An international committee has been formed to establish a foundation in memory of Henry Poincaré. A medal will be struck in his honor, and a fund will be established under the Paris Academy of Sciences to encourage or reward young scholars engaged in work in the directions in which Poincaré led, namely, mathematical analysis, celestial mechanics, mathematical physics and scientific philosophy.

Dr. A. Penck, professor of geography at Berlin; Dr. P. von Luschan, professor of anthropology in the same university, and Dr. J. Walther, professor of geology and paleontology at Halle, aie among the German men of science who attended the Australasian meeting of the British Association. It is said that there is some anxiety as to how they shall return home. If press despatches are to be believed, several German astronomers, including Professors Kempff and Ludendorf, who had gone to the Crimea to observe the eclipse of the sun, have been taken prisoners and their scientific instruments confiscated.—Among the German scientific men who have affixed their names to a manifesto renouncing the honors conferred upon them by English universities and other learned institutions are Professors Paid Ehrlich, Emil von Behring, Ernst Haeckel, August Weismann and Wilhelm Wundt.
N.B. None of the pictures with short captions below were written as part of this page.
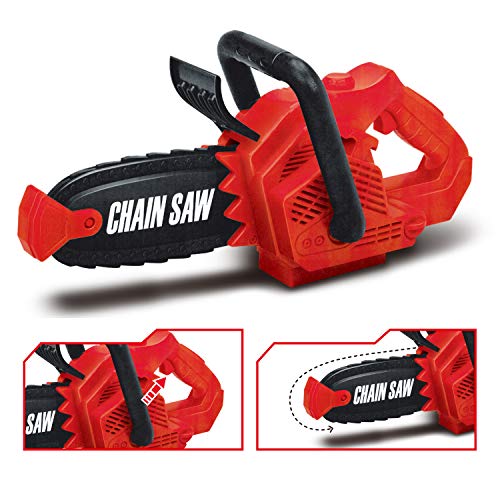 JOYIN 8 Pieces Construction Tool Toy Playset Power Backyard Constructions Tool Kit Pretend Playset Including Realistic Toy Chainsaw in Convenient Storage Box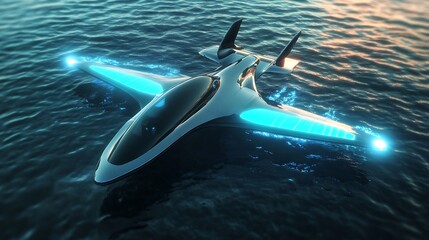 A future glider with elegant form and modern technology glides above water and emits a blue glow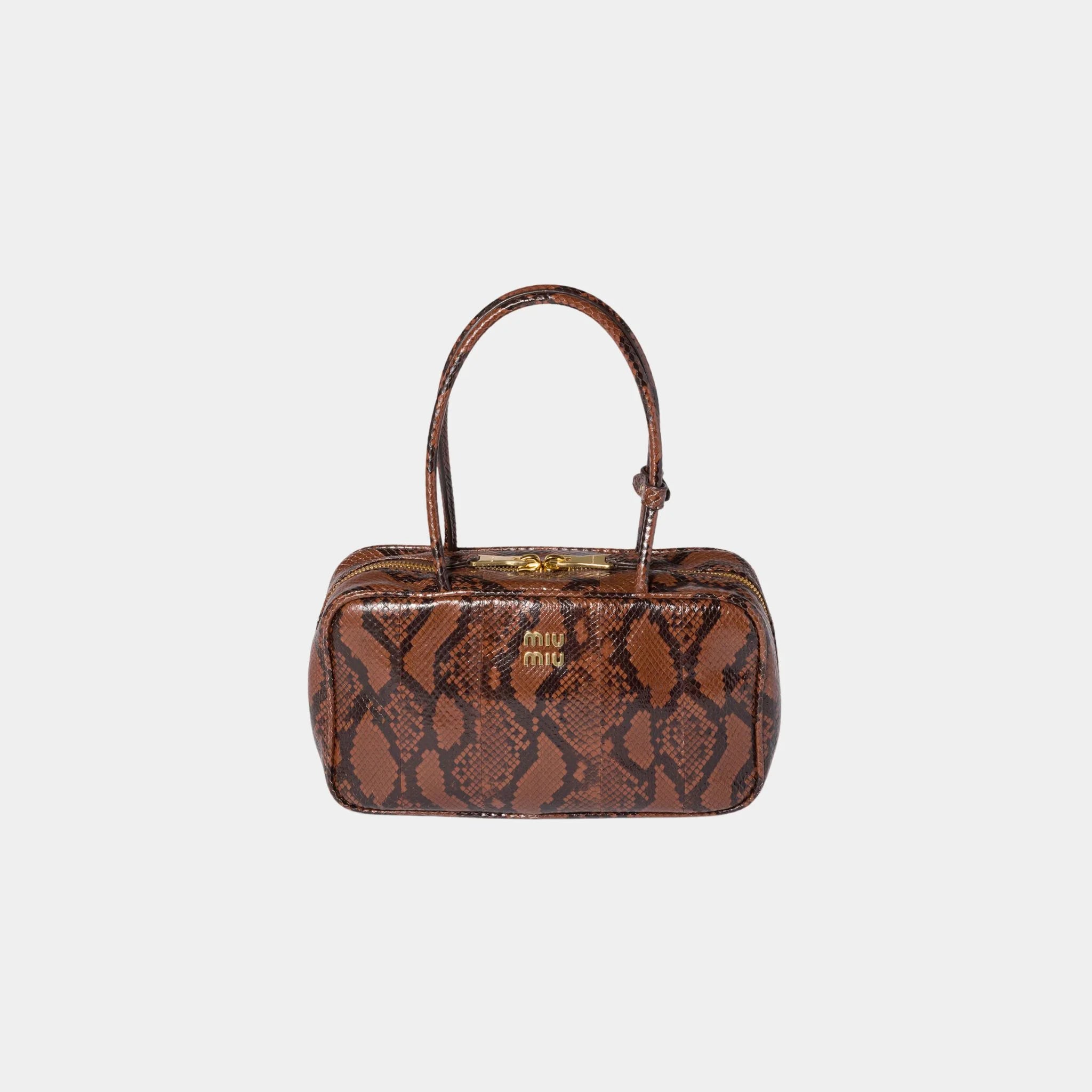 Miu Miu Beau Python-printed Ayers Leather Bag, Tobacco, Front
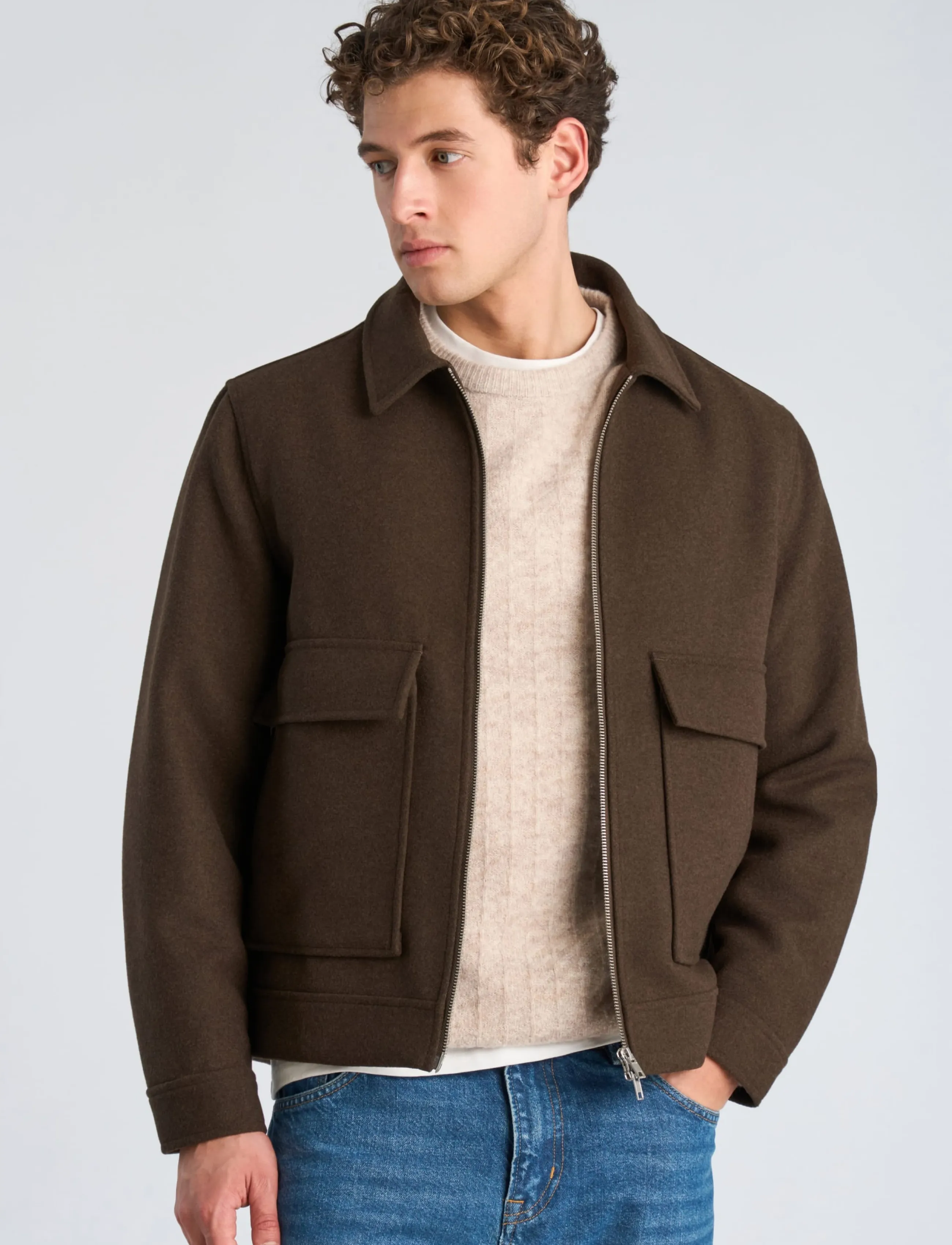 Lindbergh - Wool blend jacket - dk brown mel - 3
Sir Ernest Shackleton and the members of his Transantarctic Expedition left London on September 18 for the South Polar regions. The explorers departed in two sections, the portion for the Ross Sea or New Zealand side of the Antarctic leaving in the morning via Tilbury for Tasmania, and the Weddell Sea section, including Sir Ernest Shackleton, leaving for South America later in the day. The Endurance, the ship of the Weddell Sea party, left Plymouth on August 8. The Ross Sea ship Aurora is to leave some Australian port about the beginning of December.